-- Given data follows --
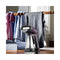BLACK & DECKER HST1500-B5 835 Garment Steamer, Purple مكواة بخار الملابس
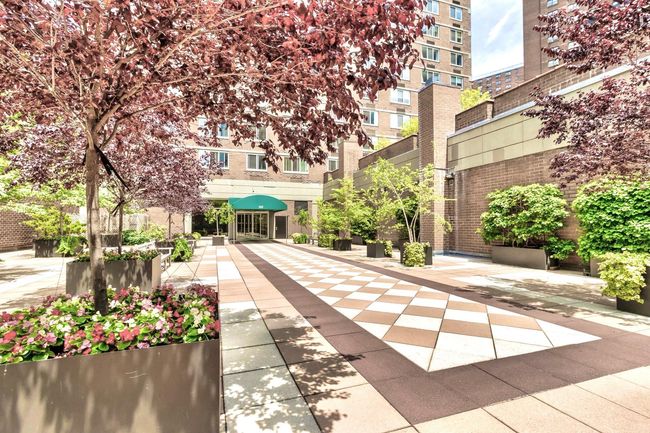APT-22E - 345 E 93 Rd St, Home with 1 bedrooms, 1 bathrooms and null parking in New York NY | Image 24
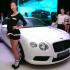bentley 10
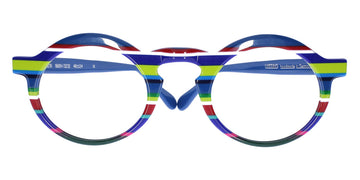 Wissing® 3216 WIS 3216 1669V/3232 48 - Eyeglasses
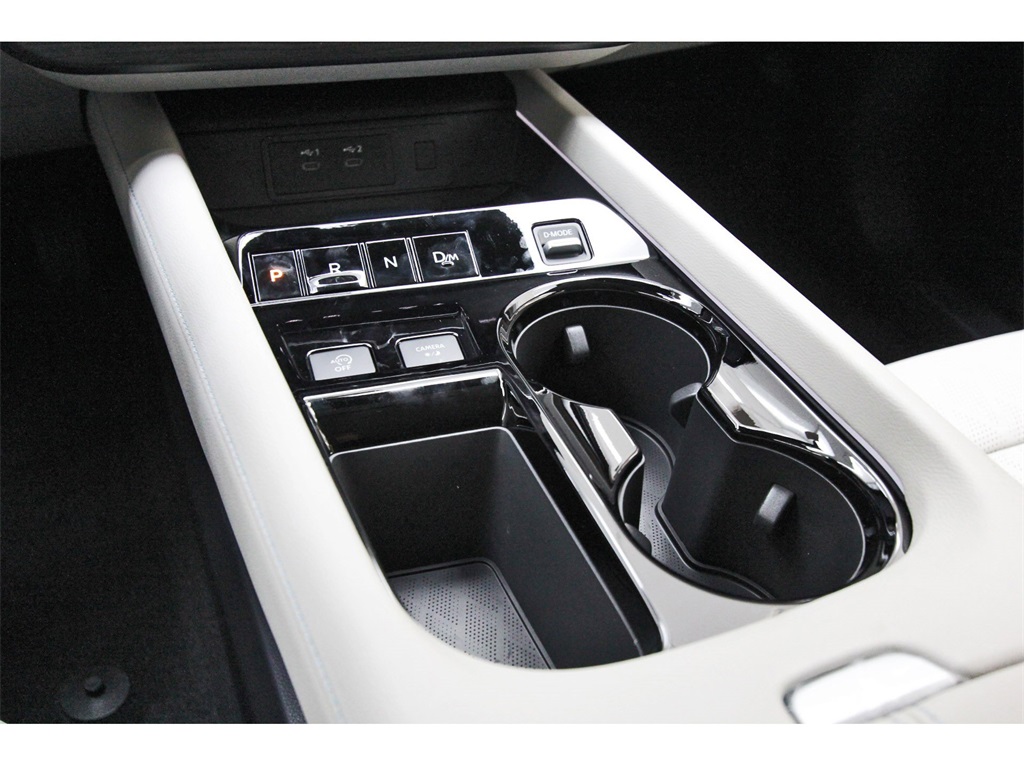 2026 Nissan Murano Platinum Blue at Bravo Nissan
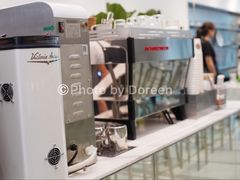 -Legno.ita Coffee by Wood(襄阳南路店)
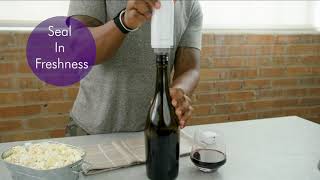 Famous ZWILLING Fresh & Save Wealth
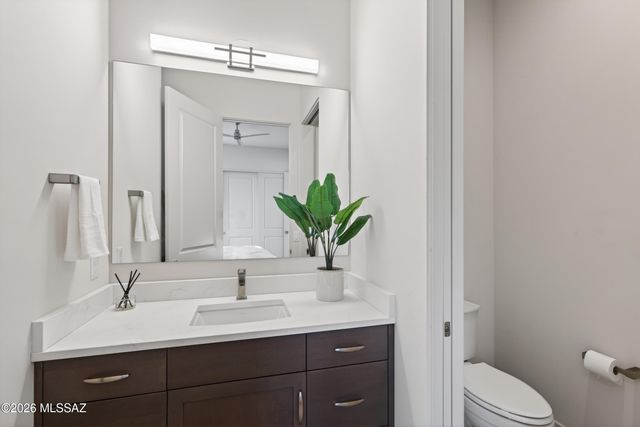 14248 N Hidden Enclave Place, Oro Valley, AZ 85755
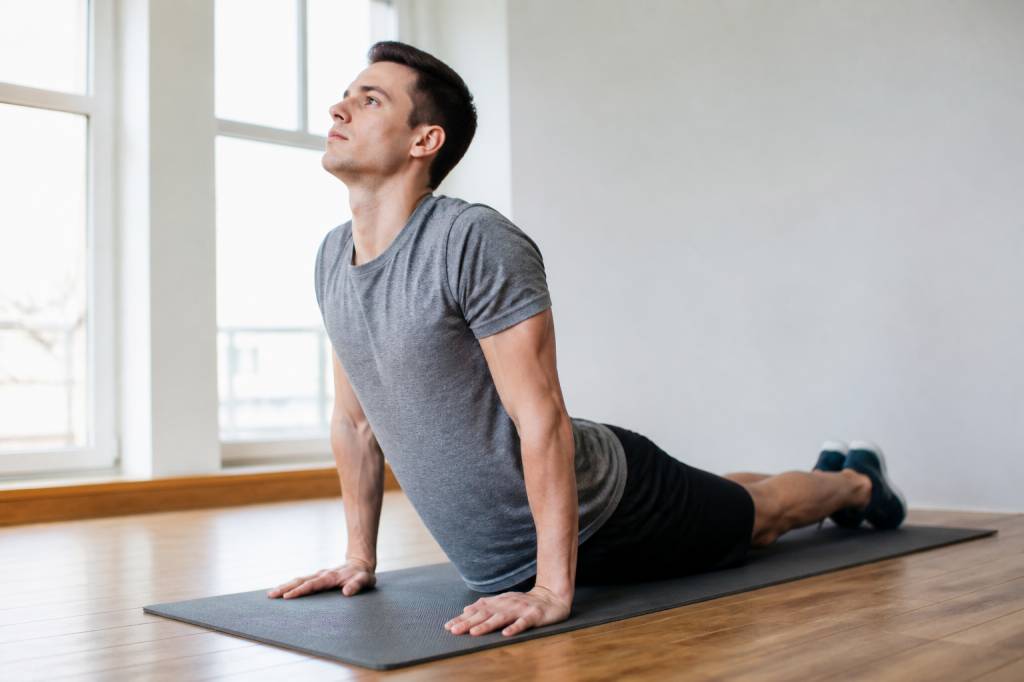Best exercise for growing taller: can exercise increase height?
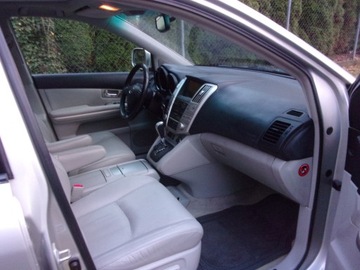 Lexus RX II 2006 Lexus RX 400H, zdjęcie 9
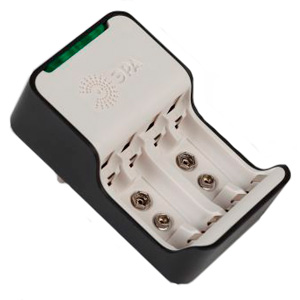ЭРА C-201N Standard Charger (6/24)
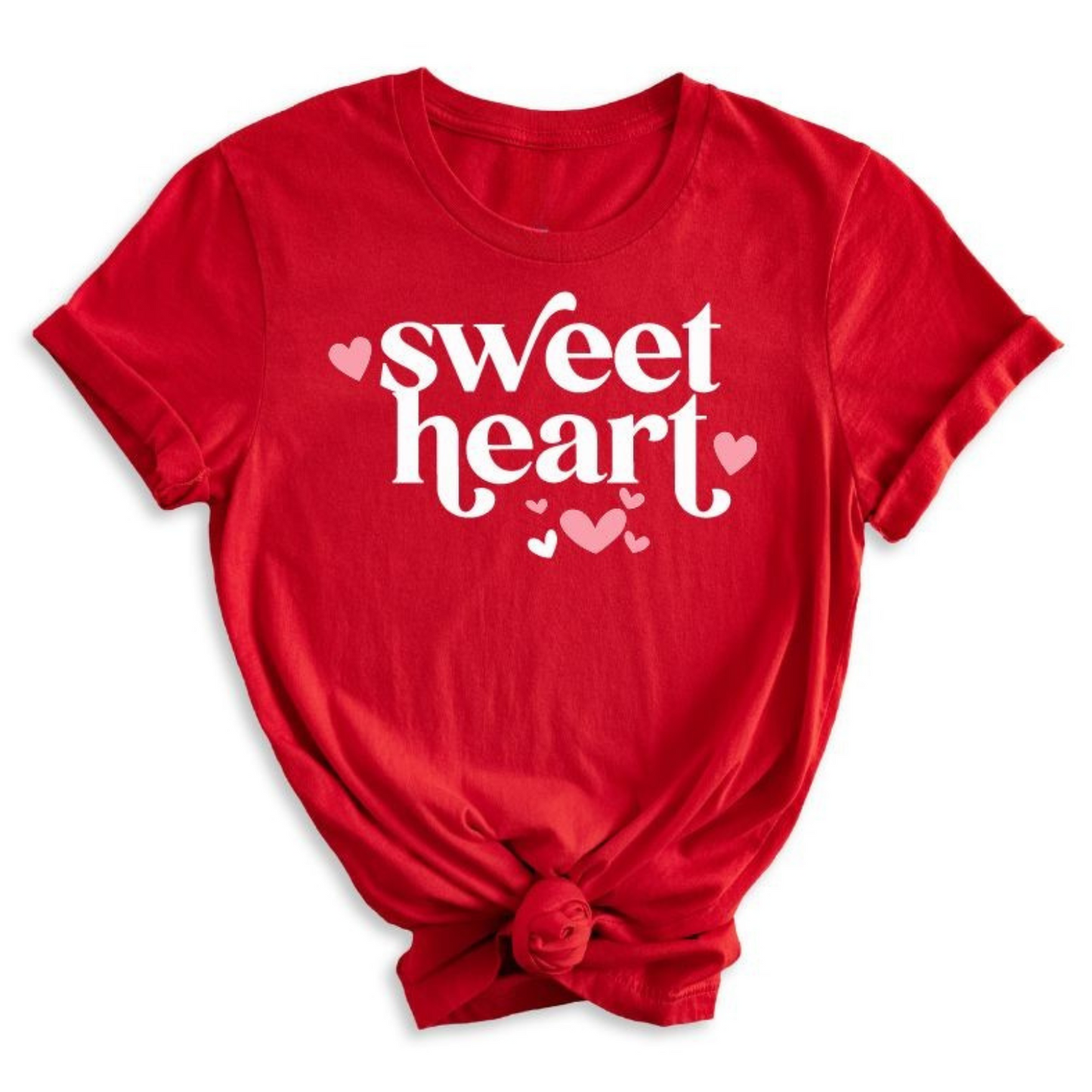 Trendy Valentine's Apparel-Womens-Evelyns Fashion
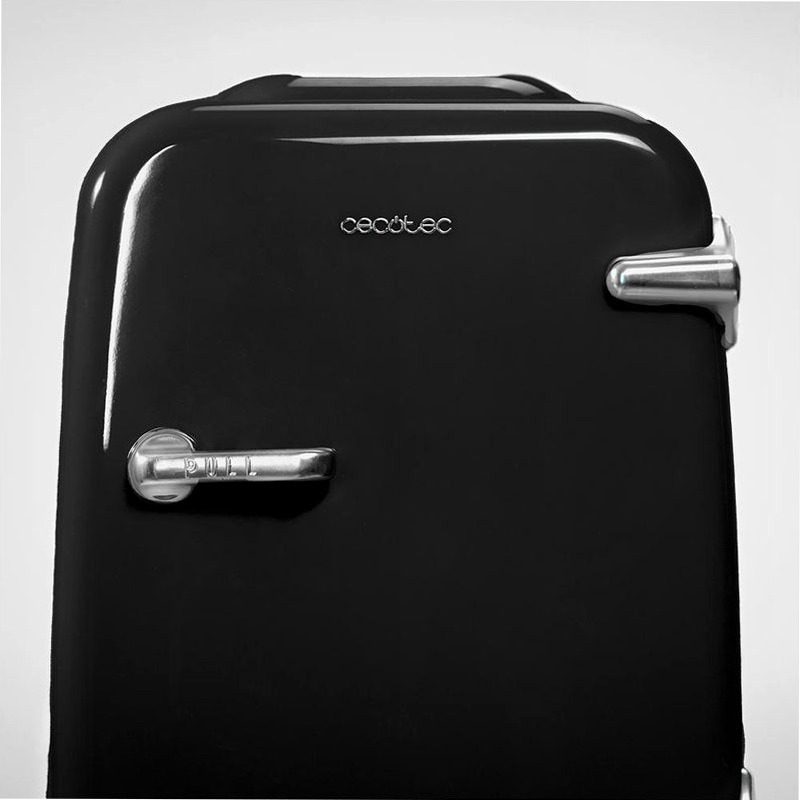 Bolero MiniCooling 4L Habana Black Nero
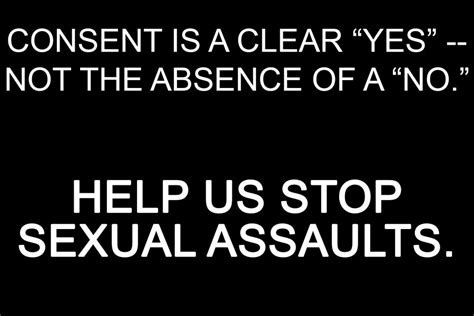 Sexual Assault Tell Us Sexual Assault Tell Us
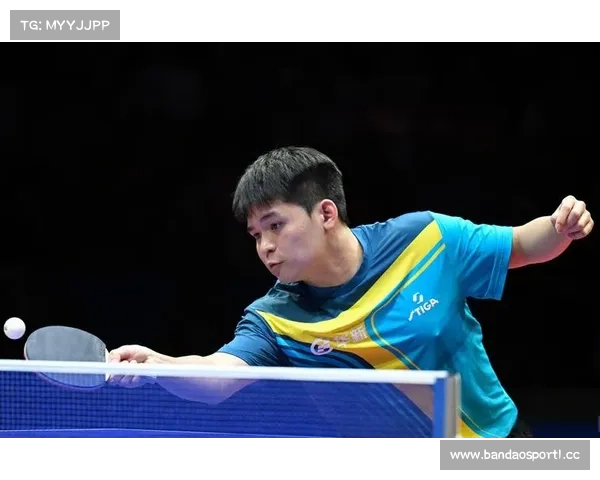 乒乓球团体世界杯苦战至加时赛最终凭借一分险胜成功夺冠 乒乓球团体世界杯苦战至加时赛最终凭借一分险胜成功夺冠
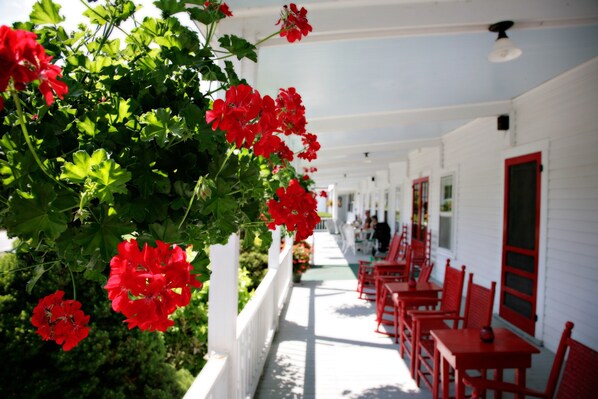 Terrass/Patio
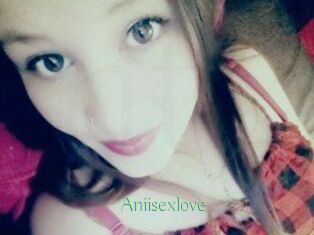 Aniisexlove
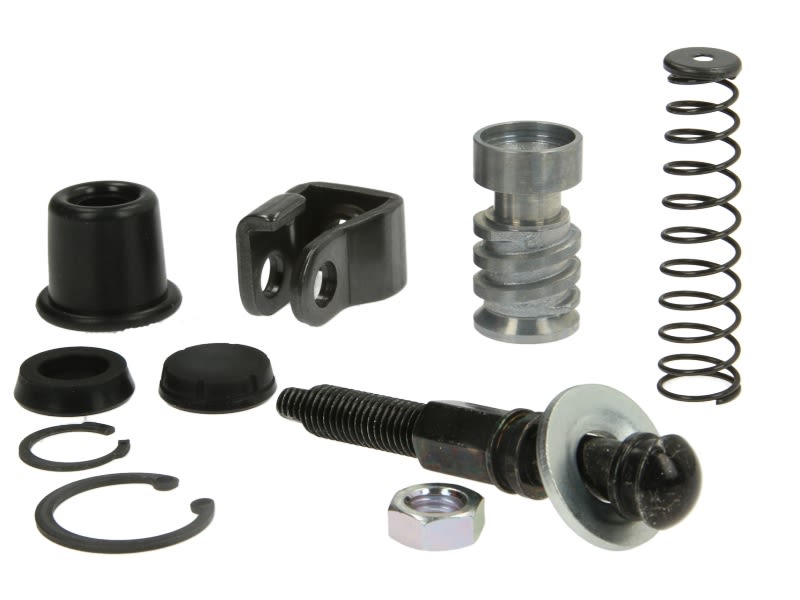 Kit de reparación para cilindro maestro de freno TOURMAX MSR-118 para Honda ST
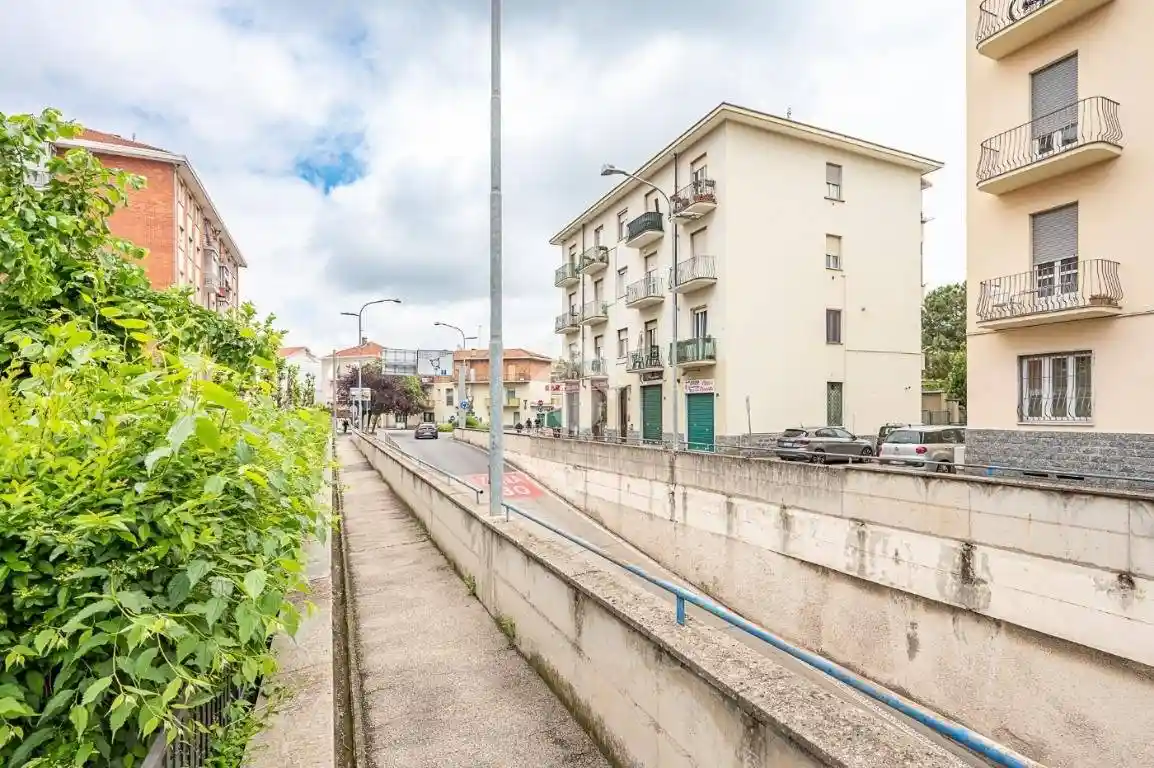 Appartamento in vendita a Venaria Reale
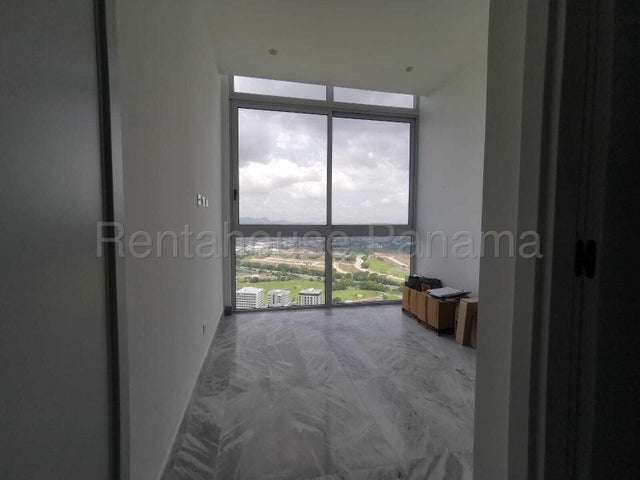 Apartamento en Alquiler en Santa Maria  JG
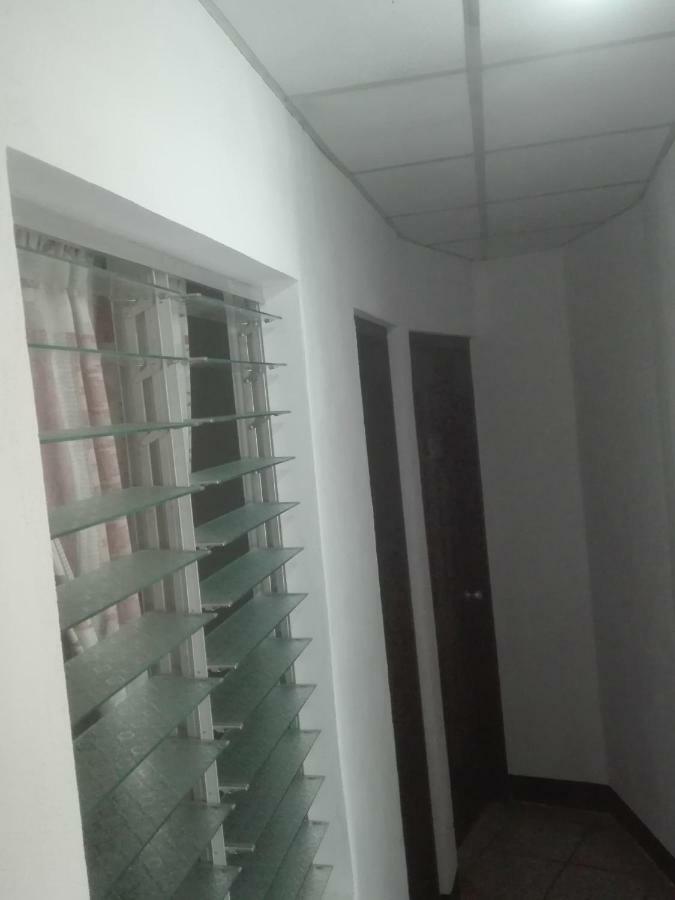 Hostal Don Frank Сан Карлос Екстериор снимка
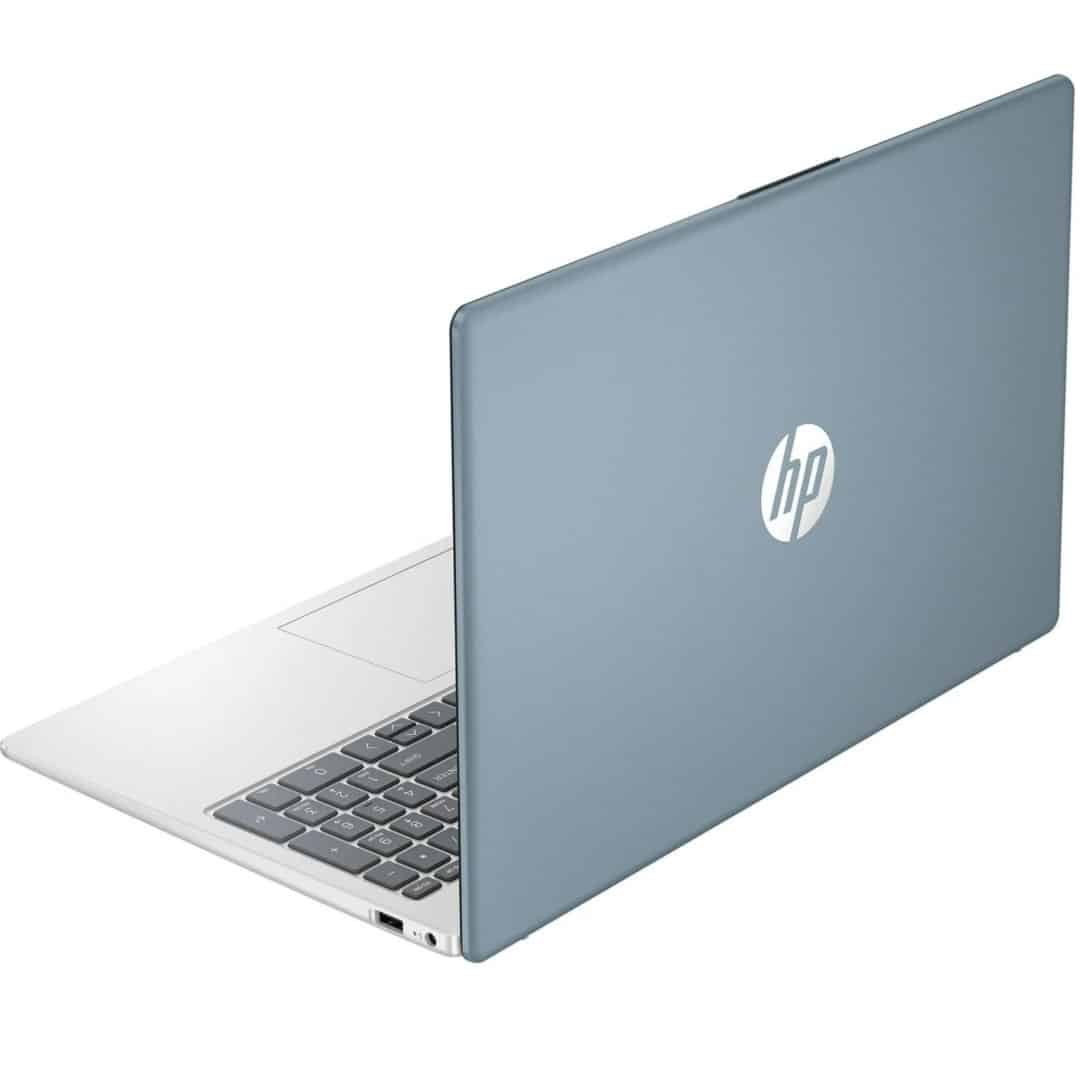 Notebook HP 15-FD0130wm Core i3 3.8Ghz 8GB 256GB SSD 15.6''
-- Given data concluded --
All lines from the one containing "Apartamento en Alquiler" to the end of the entries should appear in the output exactly as written, with no pictures.

> [The completed task]:
 Apartamento en Alquiler en Santa Maria  JG
 Hostal Don Frank Сан Карлос Екстериор снимка
 Notebook HP 15-FD0130wm Core i3 3.8Ghz 8GB 256GB SSD 15.6''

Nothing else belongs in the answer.